There is only one creative deity, the Great Mother, who has been alluded to in the first two books. However, she is always distant, absent. She is a god who got things started, then left, and in this final book of the series we learn why.
Each of the first two books in Durst’s trilogy introduced a woman who would become queen of Renthia. In The Queen of Blood, we met Daleina, who replaces a corrupt queen. Daleina’s coronation becomes a blood bath as the spirits challenge the power of human control. In The Reluctant Queen we met Naelin, a woman who had denied her power, thinking that by repressing it she could choose a quiet life.
The nemesis of both queens is Mercot, a woman consumed with ambition and hubris. In the first book, she and Daleina meet in the special school for gifted youngsters and immediately become rivals in the mold of Harry Potter and Draco Malfoy. When Mercot gets expelled for cheating, she leaves with a flip of her hair and a roll of her eyes, only to reappear in book two as the ruler of the next kingdom over. Intent on conquering Renthia, she attempts to kill Daleina.
In The Queen of Sorrow, Mercot tries once again to take Renthia, this time by sending spirits to kidnap, and possibly kill, Naelin’s children. The emotional connection Naelin has with the spirits of Renthia is so profound that the entire kingdom is overtaken by the storm of their queen’s grief and fury when she believes her children dead.
At first we believe Mercot is ambitious to the point of being a sociopath. Her choices would seem to give Machiavelli pause. Or so it appears until we enter her kingdom and understand her true situation. The kingdom Mercot rules has an extra helping of spirits. The mountainous land heaves and boils.
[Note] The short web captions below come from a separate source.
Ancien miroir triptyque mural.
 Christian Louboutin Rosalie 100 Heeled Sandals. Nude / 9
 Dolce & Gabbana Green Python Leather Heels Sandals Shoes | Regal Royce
Mercot is hubristic, but she is also the queen with the most raw talent. In her kingdom of landslides and earthquakes even she can barely hold back the chaos.
Why are there untamed lands? Up to this point in the stories I had assumed that the spirits in the untamed lands were getting along just fine, but it turns out they are not. In answering these questions, Durst expands her world to a universe complete with a fully realized, compelling, and terrifying cosmology. There are more lands, more queens. More importantly, there is a reason why the spirits run amok without a queen—and there is a reason why women are the only ones who can bring those spirits under control. This expanded cosmos, together with Naelin’s deeply emotional journey as she deals with the disappearance of her children, makes The Queen of Sorrow by far the most compelling novel of the series.
In the end, I found myself wishing that some of the cosmic truths revealed in the final book had been given more play earlier in the series. But perhaps that was not possible, given the author’s ambitious vision for the series. Right from the start, The Queen of Blood challenged innumerable fantasy tropes, playing with expectations of female characters, chosen ones, female self-doubt, and posing the question of whether ambitious, confident women could be good rulers, or rulers at all. The Reluctant Queen took these questions further and continued to subvert tropes and expectations. With so much going on in the first two novels, could there have been room for this deep and richly imagined cosmos as well? I’m not sure. But now that I know the truth, I want to go back and re-read the other novels. Durst has truly created a whole new world.